Concurrently with the compulsory withdrawal of the Union Jack displayed by my friend Mrs. Gibson, of Northern Hotel, Londonderry, another occurrence, this time in the South, will serve to attest the progress made by the inventor and patentee of the Union of Hearts. During the progress of a cricket match on the Killarney Athletic Grounds, between the clubs of Limerick and Kerry, on Whit-Monday, a Union Jack was hoisted, not as a political banner, but as an ornament, and the only banner available for the purpose. It was left flying when the cricketers went home, but in the morning it lay prone and dishonoured. The forty-foot spar had been sawn through, and in falling had smashed the palings. Let a chorus of musical Gladstonians march through Ireland bearing the Union Jack and singing "God save the Queen," let them do it, with or without police protection, and I will gladly watch their progress, record their prowess, and will have great pleasure in writing their obituary notice. The people, as a whole, are enemies to England. They are filled with a blind, unreasoning, implacable resentment for injuries they have never received, their dislike engendered and sustained by lying priests and selfish agitators, who are hastening to achieve their ends, alarmed at the prospect of popular enlightenment, which would for ever hurl them from power. The opinions of Cardinal Logue have been quoted by Lord Randolph Churchill. The Freeman's Journal is still more absolute. Does this sound like the Union of Hearts? Does this give earnest of final settlement, of unbroken peace and contentment, of eternal fraternity and friendship? The Freeman says, "We contend that the good government of Ireland by England is impossible, not so much by reason of natural obstacles, but because of the radical, essential difference in the public order of the two countries. This, considered in the abstract, makes a gulf profound, impassible—an obstacle no human ingenuity can remove or overcome."

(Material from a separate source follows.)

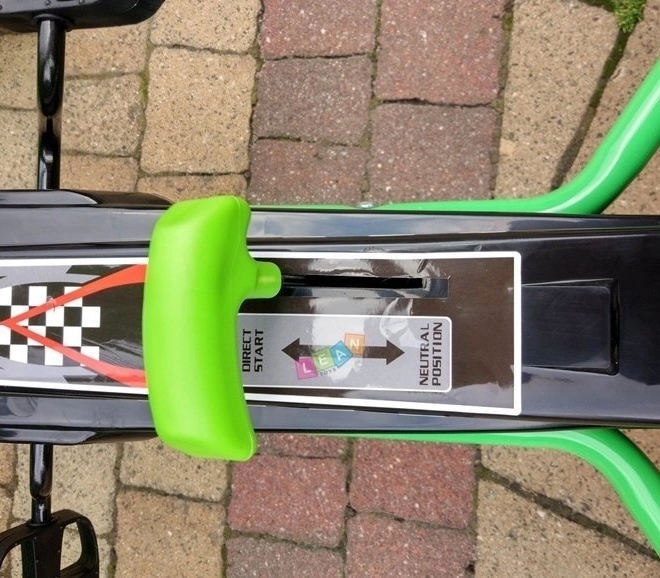 Kart cu pedale + Anvelope gonflabile + Scaun reglabil – Verde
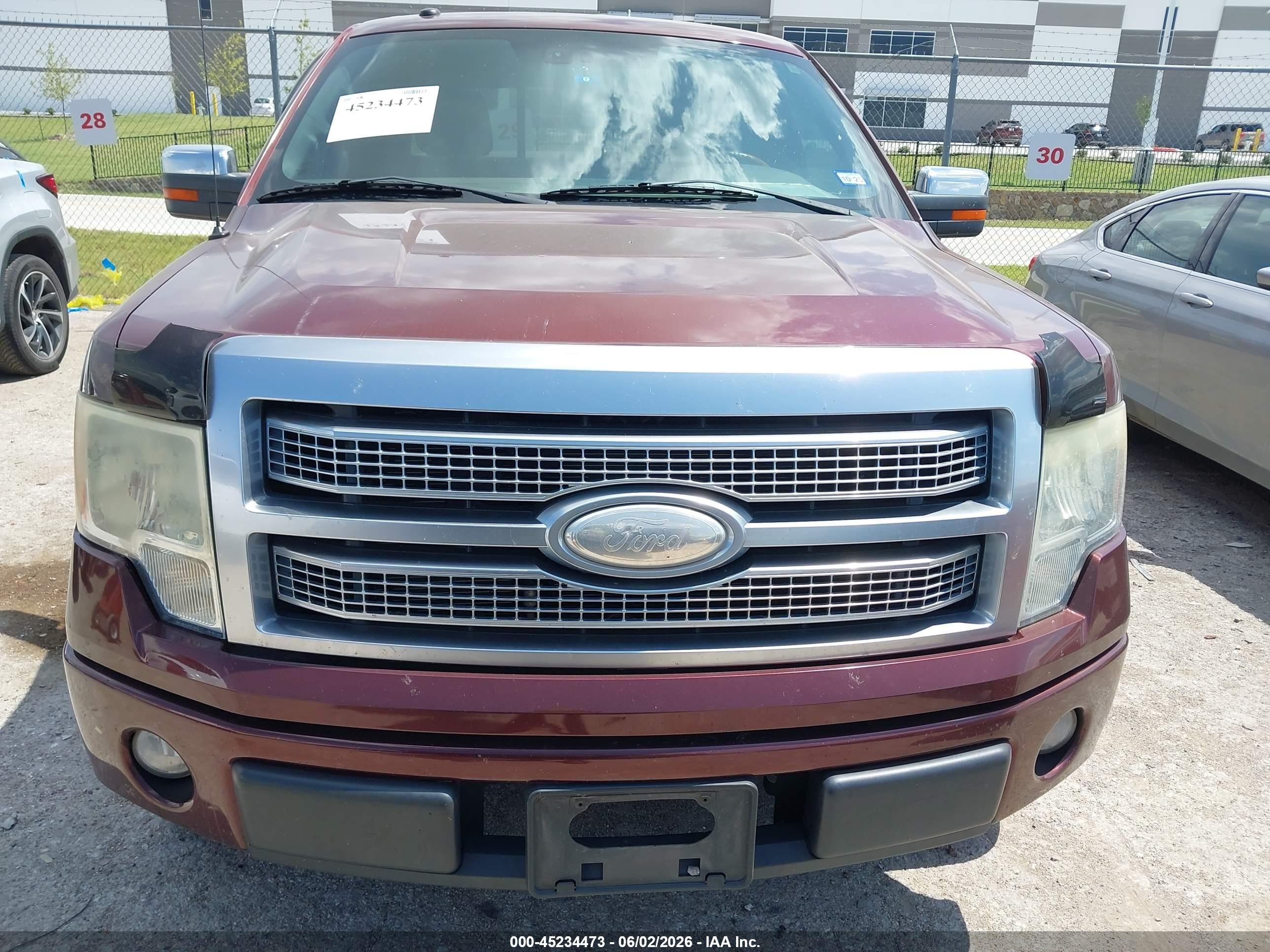 2009 Ford F-150 Platinum Maroon vin: 1FTPW12V09FA40682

This promises well for the success of the Home Rule Bill; but why is the thing "impossible"? Why is the gulf not only profound but also "impassible"? Why is the good government of Ireland by England prevented by an obstacle beyond human ability to remove, and which, as Mr. Gladstone would say, "passes the wit of man." The Freeman has no objection to tell us. The writer assumes a high moral standpoint, addressing the eminently respectable and religious Mr. Bull more in sorrow than in anger, but notwithstanding this, in a style to which that highly moral and Twenty-shillings-in-the-pound-paying person is not at all accustomed. The Freeman goes on—
"We find ourselves bound by reason and logic to deny to English civilisation the glorious title of Christian."
This is distinctly surprising. John always believed himself a Christian. The natural pain he may be expected to undergo after this disagreeable discovery is luckily to some extent mitigated by the information that although England is not Christian, Ireland is extremely so. The one people (the Irish) "has not only accepted but retained with inviolable constancy the Christian civilisation;" the other (the English) "has not only rejected it, but has been for three centuries the leader of the great apostacy, and is at this day the principal obstacle to the conversion of the world."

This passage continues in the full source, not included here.